According to Mr. Forzinetti, "A valid strategy to combat organised crime must affect its economic bases, that is, on the vast network of goods and economic relationships intended for the maintenance and exercise of criminal powers."
"In the evolution of anti-money laundering legislation, a central role has been played by the city of Palermo," he continued.
Before being slain by mafia members in 1982, Pio La Torre established the Rognoni-La Torre anti-mafia law, which permitted judges to seize and confiscate items owned by the mafia.
"Thanks to the work of great magistrates such as Giovanni Falcone and Paolo Borsellino, who actively collaborated in the formulation of the law, Italy has the most advanced anti-mafia legislation in the world also with regard to anti-money laundering," according to Mr. Forzinetti.
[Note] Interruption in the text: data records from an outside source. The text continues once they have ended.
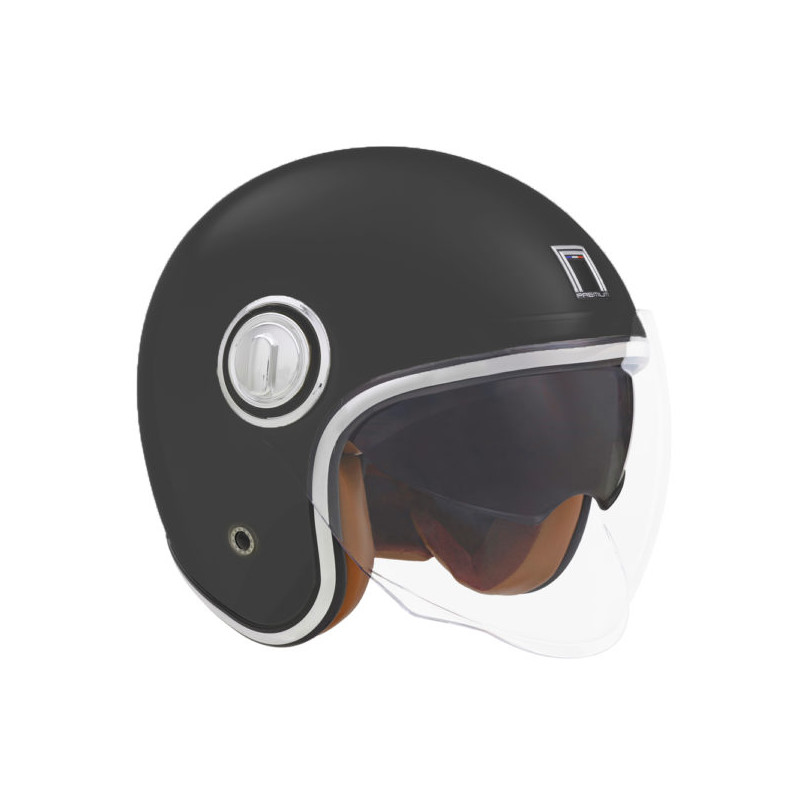Nox Kask Premium Otwarty Jet Heritage Solid Czarny Mat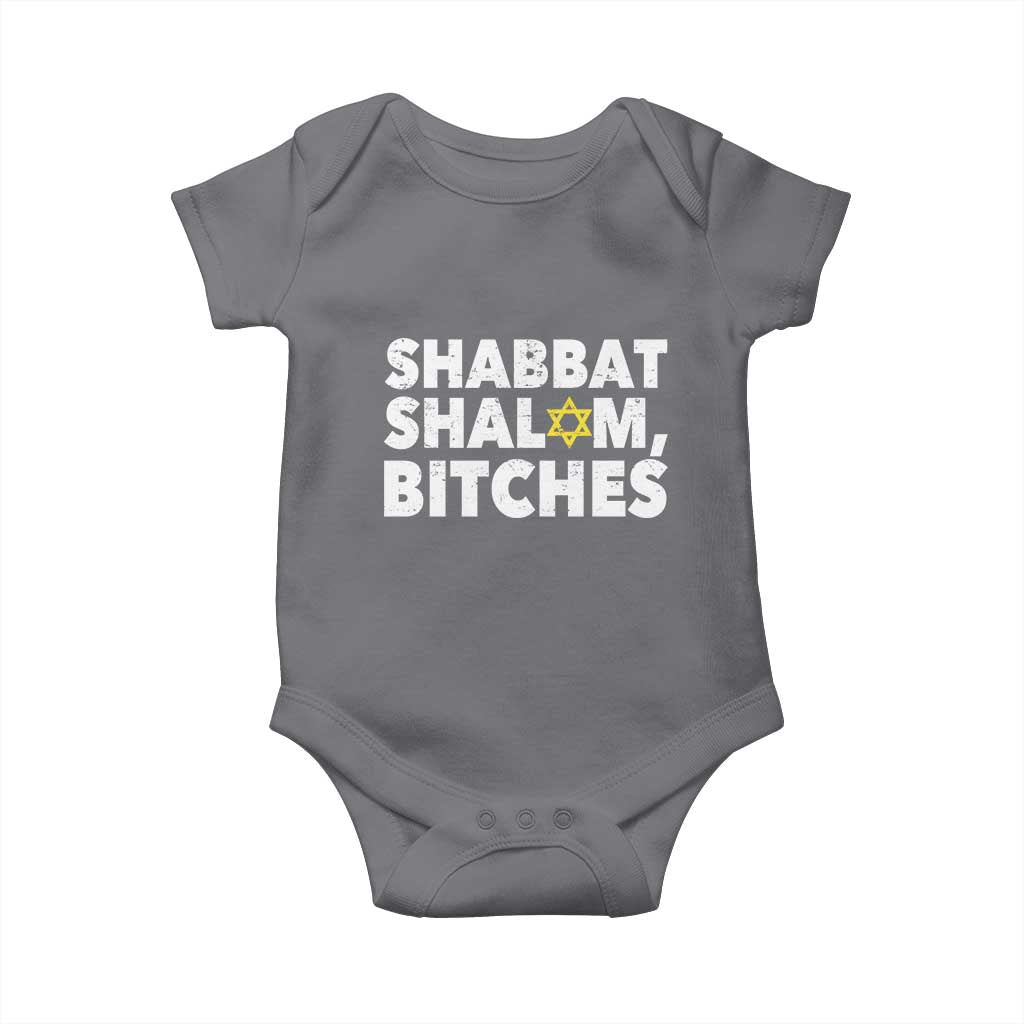 Funny Hanukkah Shabbat Shalom Bitches Baby Onesie Star Of David TS11 Charcoal Print Your Wear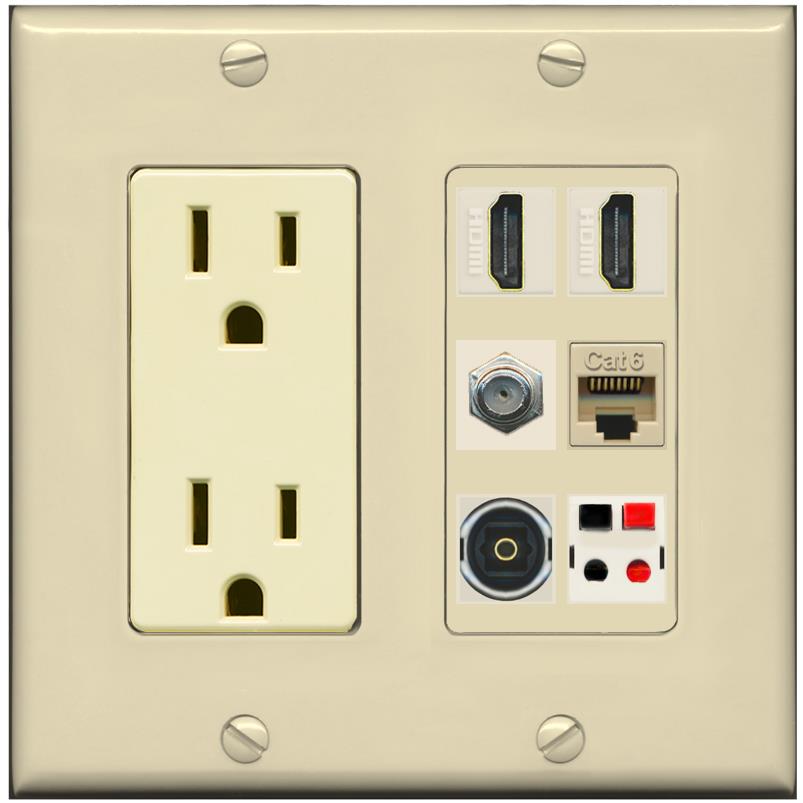 RiteAV 2 Port HDMI 1 Coax Cat6-Ethernet Toslink Speaker Wall Plate - Outlet [Ivory/Ivory]
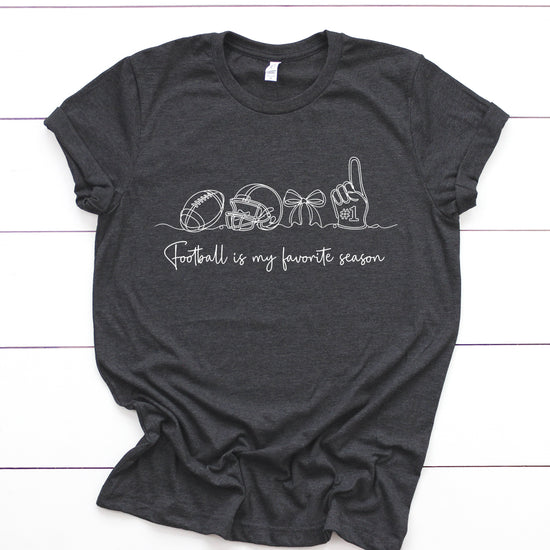 Football is My Favorite Season coquette bow game day tee, Dark Gray Heather Shirt, view 4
In July 2021, the European Commission presented its EU AML Action Plan, which outlined strategies for establishing a single EU AML Authority (AMLA) for the community. France, Germany, Latvia, and The Netherlands have all shown a desire to host AMLA thus far.
"Palermo, with its history and its strong commitment to legality in the fight against crime and money laundering," he emphasized, " is the natural candidate to be the seat of the Authority."
The location of AMLA in Palermo, he continued, would be immensely symbolic for the countless people who have died in Sicily fighting against the mafia and would commemorate the 30th anniversaries of the Capaci and Via D'Amelio killings.
"Furthermore, it should not be ignored that, according to a study carried out by the Municipality of Rome (which has also submitted its candidacy to host the headquarters of AMLA, the presence of the Authority would entail the arrival of at least 450 people, including employees and officials, to be hosted in the accommodation facilities of the city and this derives a foreseeable induced of at least €300M," the Councillor continued.
Palermo's decision would be a "necessary and essential premise for the revival of the cities of the South as international hubs," he insisted, adding that they could not overlook the "economic effects" on the city.
Council members will now draft a formal request for Palermo to be the Italian candidate city to host AMLA, which will be sent to the Italian government.
The choice would be a "historic fact" for the city and its dedication to "legality and transparency," according to Palermo's deputy mayor Carolina Varchi. Giving "concrete support in the field of anti-money laundering means freeing the market from negative influences that alter its correct performance," she continued.